Я прошел с ней к автомобилю и распахнул дверцу.
Свет внутри почему-то не зажегся, и в то же мгновение мне в лоб уткнулся холодный ствол пистолета.
— Только никаких глупостей, мистер Холман! — послышался позади меня голос девушки. — Когда палец на спусковом крючке, Чак становится очень нервным!
— Не волнуйтесь, — мрачно отозвался я. — Я сейчас нервничаю не меньше, чем он.
Кто-то — это, конечно, была все та же девушка — ловко завязал мне глаза черным шелковым шарфом, затянув на затылке тугой узел.
— Кажется, мне полагается попросить выкурить последнюю сигарету? — попытался пошутить я. — Не находите, что это очень смешно — расстрел на пороге моего собственного дома?! Репортеры будут в восторге!

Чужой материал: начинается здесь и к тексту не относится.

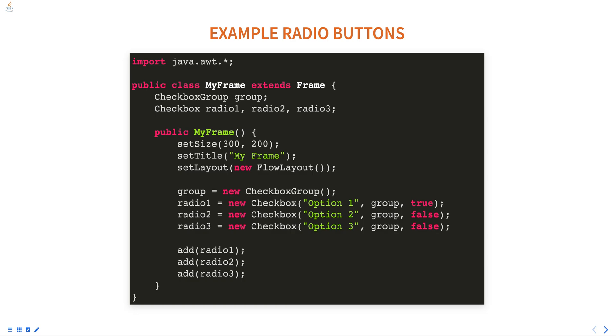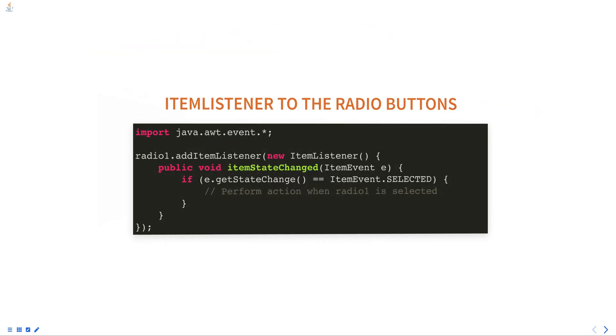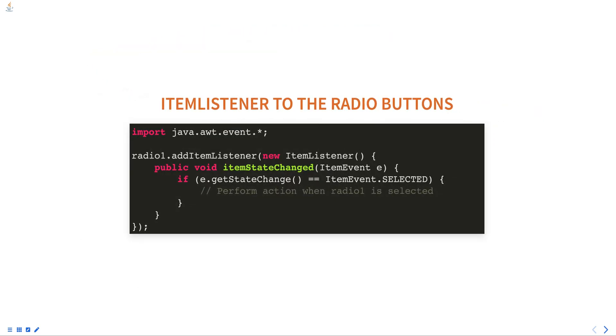You can also add an itemListener to the radio buttons to perform an action when the radio button is selected. In this example, an instance of itemListener interface is created and registered with the radio button using the addItemListener method. When the radio button is selected, the itemStateChanged method of the itemListener is called where you can perform the desired action.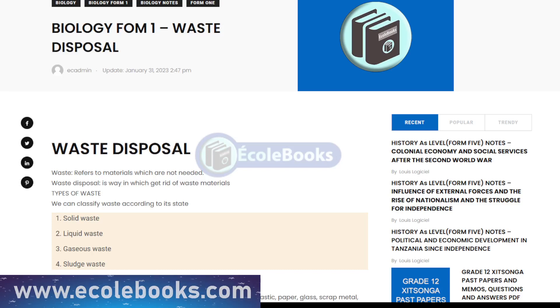Hello and welcome to Ecolbooks. Today we're discussing an important topic in biology form 1: waste disposal.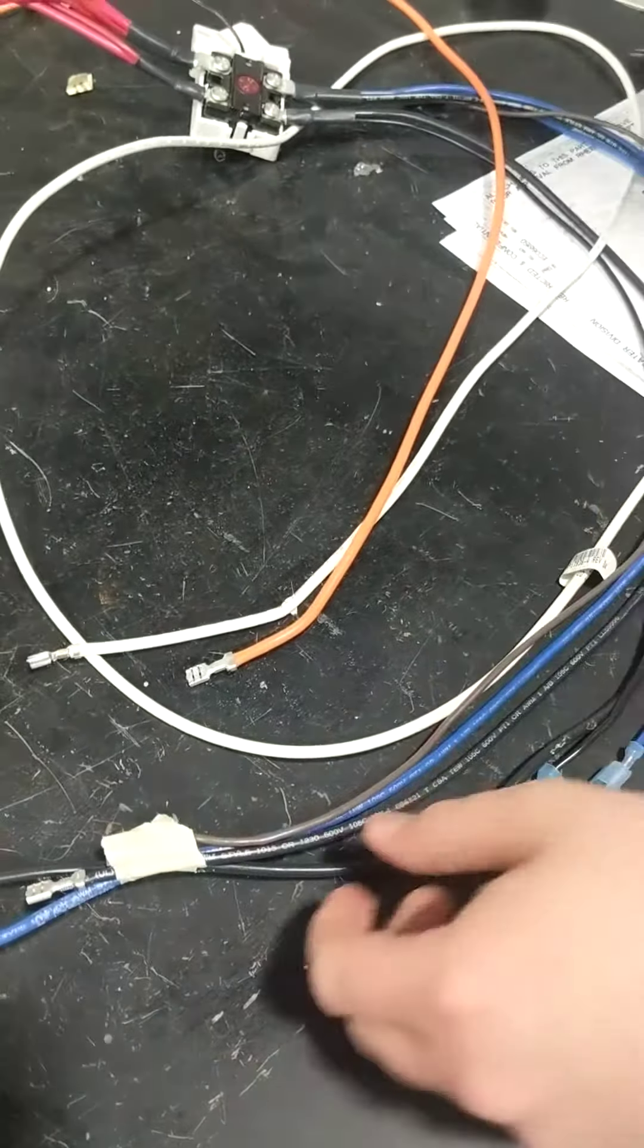So now that all the tape's gone, these two will just come loose. You can see the white and the orange wires are now coming loose.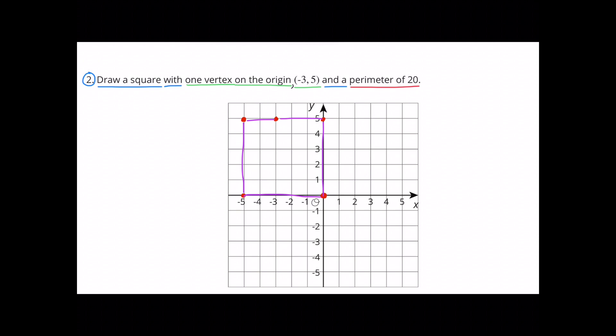I needed to plot a point at negative 3 and positive 5, and the square needs to have a perimeter of 20. I plotted 5 points because having one point at negative 3 and positive 5 was only going to form a rectangle, so I had to put a point at negative 5 and positive 5, negative 5 and 0, 0 and 0, and 0 and 5, in order to have a square with a perimeter of 20.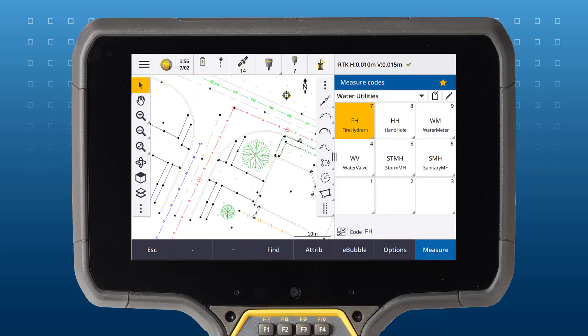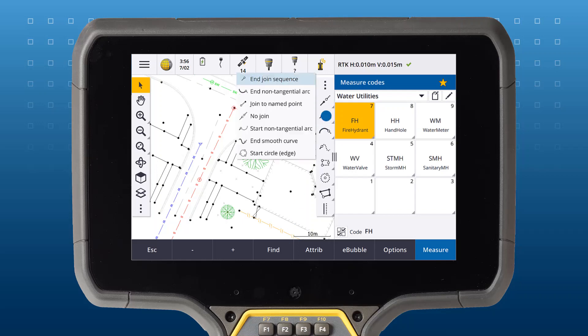To replace control codes on the CAD toolbar, tap and hold on the icon you would like to change and choose the new control code from the list.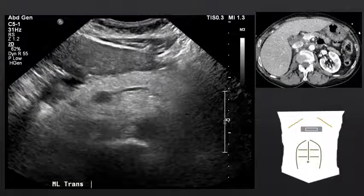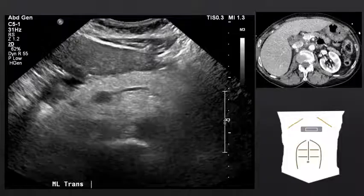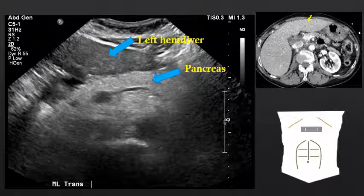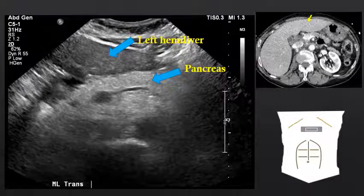If we move slightly inferiorly but remain in a transverse orientation, the left hemiliver is still the most superficial solid organ. Deep to the left hemiliver, we now can see the pancreas. The pancreas is hyperechoic to the liver, and we can see it there on CT.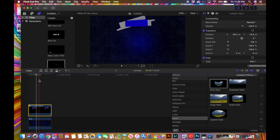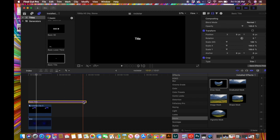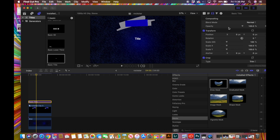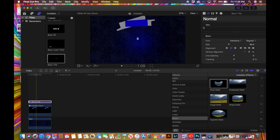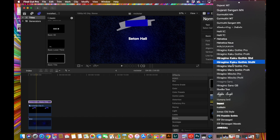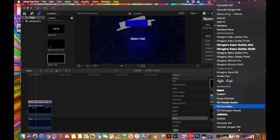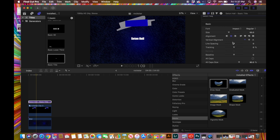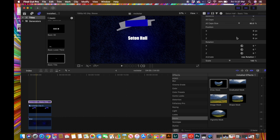Now we're going to add a school name at the top. I'll go to Titles and drag a Basic Title down, change the size, and type in the school name — in this case 'Seat and Hall' or whatever school you're making this video for. I'll pick a different font that looks cooler, then use Position to adjust the Y's up and down and X's side to side, centering it in the middle.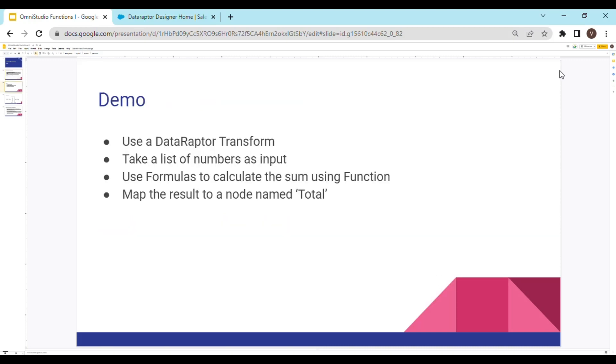Let's see how it works with a demo. In the demo, we are going to use a DataRaptor transform which is going to take a list of numbers as input, then do some calculations using functions, and finally map the result to a node named Total.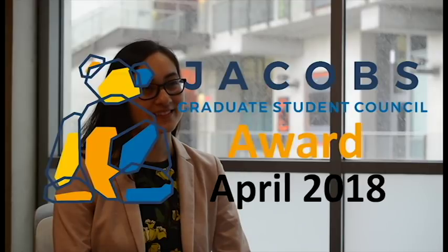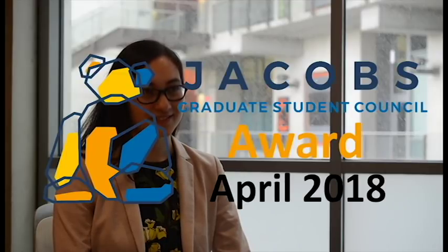Hi, we're here with Goran Hussein, chief recipient of the Jacobs Credit Student Council Award for the month of April.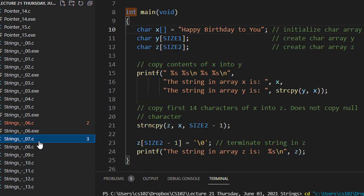We will be going on string copy from string 7 on Tuesday.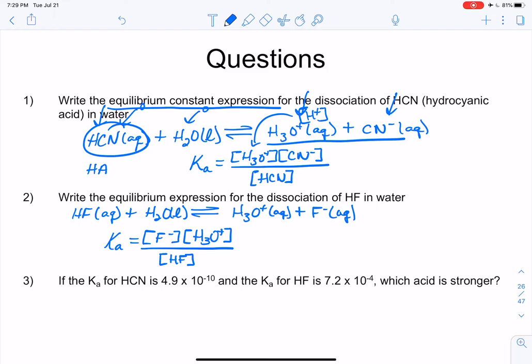The Ka for HCN is 4.9 × 10⁻¹⁰ and the Ka for HF is 7.2 × 10⁻⁴. Which acid is stronger? Even though 10 looks bigger than 4, these are negative exponents. The negative 10 means you move the decimal left 10 spots, while negative 4 means only 4 spots.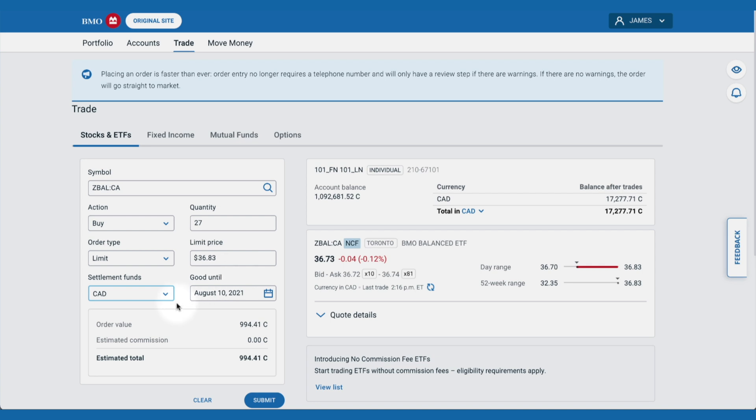We'll keep the settlement funds in Canadian dollars. And the last thing we'll do is choose for how long our order is valid. If our order doesn't get filled today — which could happen if the price goes up past our limit price — we can choose to have the order stand in the hopes of getting it filled in the future. That way, if the price falls back down, we can acquire those shares without having to check back every day and keep placing new orders.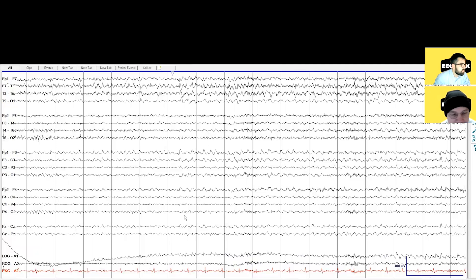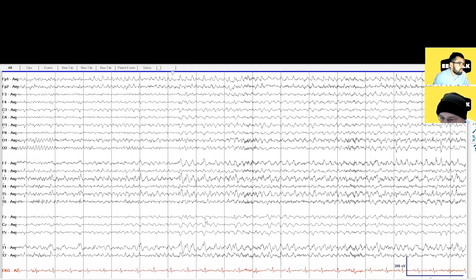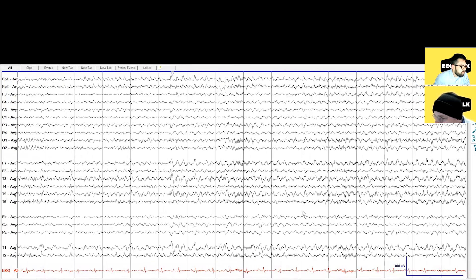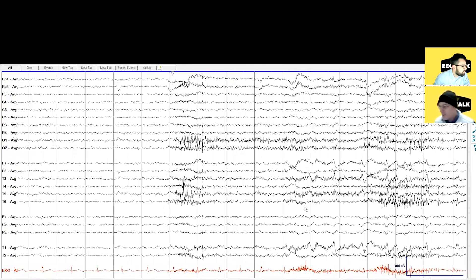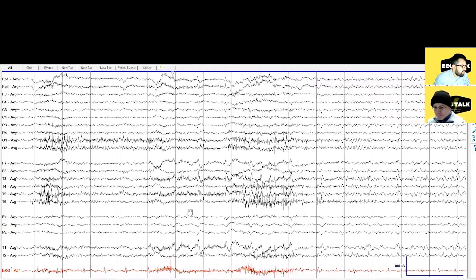I should have switched to average. Let's take a look. It's even clearer. I see more at T3. Let's go back to the beginning of the seizure to be more accurate. Now look at this — switching to average, before it started there are actually some spikes. This starts in the left anterior temporal region. Classic.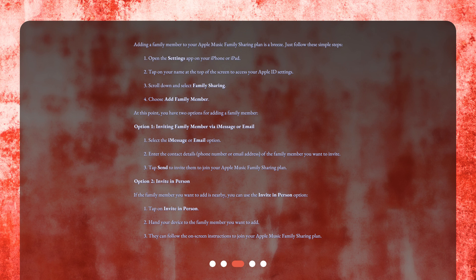Option 1: Inviting a family member via iMessage or Email. 1. Select the iMessage or Email option. 2. Enter the contact details — phone number or email address — of the family member you want to invite. 3. Tap Send to invite them to join your Apple Music family sharing plan.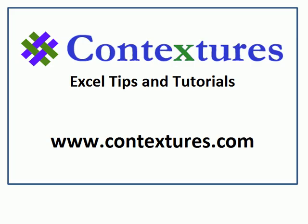For more Excel tips and tutorials, please visit my Contextures website at www.contextures.com.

— Заткни пасть и повернись! — оборвала меня девица.
Я подчинился, и тут же дуло пистолета твердо уперлось мне в затылок. Кто-то быстро и умело связал мне руки за спиной, затем схватил меня за локоть и потащил вперед. На ступеньках крыльца я споткнулся и чуть было не упал, но державший меня за локоть даже не остановился. Затем я услышал, как закрылась входная дверь, и мы наконец-то остановились посредине гостиной.
— Что теперь? — спросил я. — Будете казнить или миловать?
— У нашего друга большие неприятности, — послышался спокойный девичий голос. — Так уж сложились обстоятельства, да и характер у него… Кроме всего прочего, его неприятности очень деликатного свойства, он не хотел бы взывать к полиции. Мы почти уверены, что единственный человек, к кому он может обратиться, — это вы — гениальный консультант по самым щекотливым вопросам Рик Холман, которого в Голливуде многие называют мастером на все руки. Так вот, великий детектив-консультант, он, по нашим расчетам, свяжется с вами через пару дней. Выйдет на вас, очевидно, не напрямую, а через своего человека по фамилии Маннинг. Вам придется под любым предлогом отказаться от этой встречи и поручения нашего друга.
— Почему? — спросил я.
— Именно это мы и попытаемся сейчас объяснить.
Я почувствовал, как пальцы девушки развязали мой пояс и распахнули на мне халат. Послышался похотливый смешок.
— Не советую вам впредь плавать голым, мистер Холман. Даже в вашем собственном бассейне вам не избежать встречи с людьми, которые могут заявиться буквально в любую минуту. Вам следует встречать их в более приличном виде. Можешь приступать, Чак. Давай мне пистолет и постарайся, чтобы он хорошенько все понял.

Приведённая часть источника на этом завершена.